Telesat Reports
Results for the Quarter Ended March 31, 2015
April 30,
2015
Telesat Holdings
Inc. announced its financial results for the three month period ended
March 31, 2015. All amounts are in Canadian dollars and are reported
under International Financial Reporting Standards (“IFRS”) unless
otherwise noted.
For the quarter
ended March 31, 2015, Telesat reported consolidated revenues of $229
million, a decrease of approximately 5% ($13 million) compared to the
same period in 2014. During the quarter, the U.S. dollar was
approximately 12% stronger than it was during the first quarter of 2014,
and as a result, there was a favorable impact on the conversion of U.S.

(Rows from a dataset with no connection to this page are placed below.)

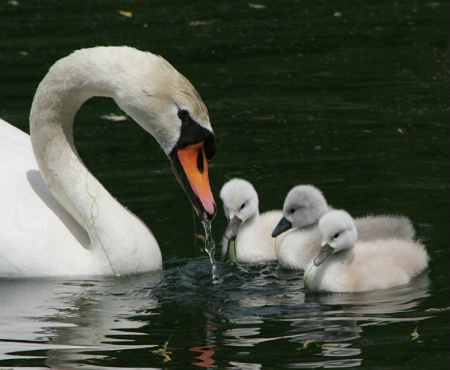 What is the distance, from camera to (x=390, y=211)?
9.87m

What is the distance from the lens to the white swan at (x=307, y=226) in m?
9.09

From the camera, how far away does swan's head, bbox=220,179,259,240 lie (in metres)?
9.34

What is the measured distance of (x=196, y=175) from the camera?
849 centimetres

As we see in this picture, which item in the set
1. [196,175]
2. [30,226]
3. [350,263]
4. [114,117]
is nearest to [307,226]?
[350,263]

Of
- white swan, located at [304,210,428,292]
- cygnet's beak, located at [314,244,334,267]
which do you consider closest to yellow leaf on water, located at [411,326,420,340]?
white swan, located at [304,210,428,292]

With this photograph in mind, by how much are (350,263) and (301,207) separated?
73 centimetres

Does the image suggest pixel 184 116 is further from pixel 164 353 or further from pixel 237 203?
pixel 164 353

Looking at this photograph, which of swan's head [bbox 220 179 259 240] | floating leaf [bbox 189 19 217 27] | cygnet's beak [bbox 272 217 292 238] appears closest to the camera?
cygnet's beak [bbox 272 217 292 238]

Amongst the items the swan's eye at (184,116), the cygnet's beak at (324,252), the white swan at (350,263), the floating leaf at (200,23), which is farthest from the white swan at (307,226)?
the floating leaf at (200,23)

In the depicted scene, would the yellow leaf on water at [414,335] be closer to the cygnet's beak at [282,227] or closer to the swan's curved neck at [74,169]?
the cygnet's beak at [282,227]

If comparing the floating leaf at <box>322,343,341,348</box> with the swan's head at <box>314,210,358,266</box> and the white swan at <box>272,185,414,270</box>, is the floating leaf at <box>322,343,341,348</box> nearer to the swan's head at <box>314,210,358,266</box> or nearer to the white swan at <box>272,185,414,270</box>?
the swan's head at <box>314,210,358,266</box>

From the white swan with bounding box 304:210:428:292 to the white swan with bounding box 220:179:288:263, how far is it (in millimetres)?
878

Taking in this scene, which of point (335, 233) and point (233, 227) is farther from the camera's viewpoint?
point (233, 227)

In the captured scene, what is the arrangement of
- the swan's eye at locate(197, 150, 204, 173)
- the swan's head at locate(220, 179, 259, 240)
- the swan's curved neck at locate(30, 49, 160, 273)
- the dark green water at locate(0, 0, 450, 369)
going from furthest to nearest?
the swan's head at locate(220, 179, 259, 240)
the swan's curved neck at locate(30, 49, 160, 273)
the swan's eye at locate(197, 150, 204, 173)
the dark green water at locate(0, 0, 450, 369) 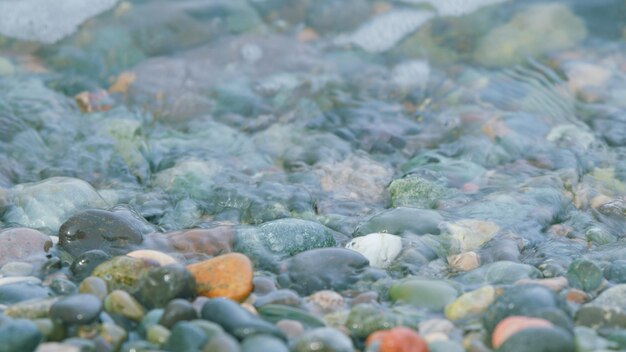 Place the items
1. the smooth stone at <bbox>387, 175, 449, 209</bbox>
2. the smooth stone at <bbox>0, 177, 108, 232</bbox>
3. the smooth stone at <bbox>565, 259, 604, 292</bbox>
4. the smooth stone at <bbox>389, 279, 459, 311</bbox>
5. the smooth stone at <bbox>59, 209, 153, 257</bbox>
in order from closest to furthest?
the smooth stone at <bbox>389, 279, 459, 311</bbox>
the smooth stone at <bbox>565, 259, 604, 292</bbox>
the smooth stone at <bbox>59, 209, 153, 257</bbox>
the smooth stone at <bbox>0, 177, 108, 232</bbox>
the smooth stone at <bbox>387, 175, 449, 209</bbox>

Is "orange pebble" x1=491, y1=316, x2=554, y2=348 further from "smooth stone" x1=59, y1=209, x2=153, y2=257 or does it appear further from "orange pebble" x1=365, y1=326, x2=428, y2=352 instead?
"smooth stone" x1=59, y1=209, x2=153, y2=257

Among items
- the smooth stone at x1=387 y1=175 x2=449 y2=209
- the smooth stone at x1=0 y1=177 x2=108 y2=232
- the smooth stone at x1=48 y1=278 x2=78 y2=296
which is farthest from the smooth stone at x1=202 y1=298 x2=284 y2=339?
the smooth stone at x1=387 y1=175 x2=449 y2=209

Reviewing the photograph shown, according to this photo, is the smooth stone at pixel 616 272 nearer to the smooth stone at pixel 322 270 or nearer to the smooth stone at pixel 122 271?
the smooth stone at pixel 322 270

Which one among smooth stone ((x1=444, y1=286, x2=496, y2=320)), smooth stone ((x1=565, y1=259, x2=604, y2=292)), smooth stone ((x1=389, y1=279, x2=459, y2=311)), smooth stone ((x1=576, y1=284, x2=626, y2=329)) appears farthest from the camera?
smooth stone ((x1=565, y1=259, x2=604, y2=292))

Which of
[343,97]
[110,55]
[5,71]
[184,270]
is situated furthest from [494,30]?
[184,270]

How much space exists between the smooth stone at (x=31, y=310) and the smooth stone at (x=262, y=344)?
0.66m

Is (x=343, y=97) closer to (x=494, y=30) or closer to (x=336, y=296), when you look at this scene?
(x=494, y=30)

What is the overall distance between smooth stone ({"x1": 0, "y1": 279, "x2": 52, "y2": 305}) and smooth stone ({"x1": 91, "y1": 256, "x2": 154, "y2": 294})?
0.60 ft

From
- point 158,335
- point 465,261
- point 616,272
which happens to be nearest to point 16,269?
point 158,335

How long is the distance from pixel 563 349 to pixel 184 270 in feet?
4.05

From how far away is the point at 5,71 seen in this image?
204 inches

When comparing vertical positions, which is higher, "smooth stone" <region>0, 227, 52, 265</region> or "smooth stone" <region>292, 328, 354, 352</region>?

dollar denominated revenues. When adjusted for foreign exchange
rate changes, revenue decreased by 10% ($25 million) compared to the
same period in 2014. The decrease was primarily due to revenues
from short-term services provided to other satellite operators in the
first quarter of 2014 which did not recur in the first quarter of 2015.
Operating expenses
of $45 million for the quarter were 4% ($2 million) lower than the same
period in 2014 or 9% ($4 million) lower when taking into account changes
in foreign exchange rates. This reduction was primarily due to
lower cost of sales in 2015. Adjusted EBITDA1 for the quarter
was $186 million, a decrease of 6% ($12 million) compared to the same
period in 2014 and a decrease of 11% ($22 million) when adjusted for
foreign exchange rate changes. The Adjusted EBITDA margin1
was 81% for the first quarter of 2015 compared to 82% for the same
period in 2014.
Telesat’s net loss
for the quarter was $154 million compared to net loss of $28 million for
the quarter ended March 31, 2014. Results were negatively impacted by a
non-cash loss on foreign exchange arising from the translation of
Telesat’s U.S. dollar denominated debt into Canadian dollars as well as
lower operating income. The losses were partially mitigated by a
higher gain on changes in the fair value of financial instruments and by
lower interest expense in the first quarter of 2015.
“Our first quarter
revenue and EBITDA were lower than the same period last year principally
as a result of the fact that certain short-term satellite services we
provided to other satellite operators in 2014 did not recur in the first
quarter of this year,” commented Dan Goldberg, Telesat’s President and
CEO. “Despite this reduction, our Adjusted EBITDA margin1
was essentially stable given our continued operating discipline.
Looking ahead, the Telstar 12 VANTAGE satellite remains on schedule, and
we anticipate its launch toward the end of this year. Our satellite
expansion plans combined with our industry-leading contractual backlog
provides visibility into the stability of our future revenue and cash
flow and positions us well for future growth.”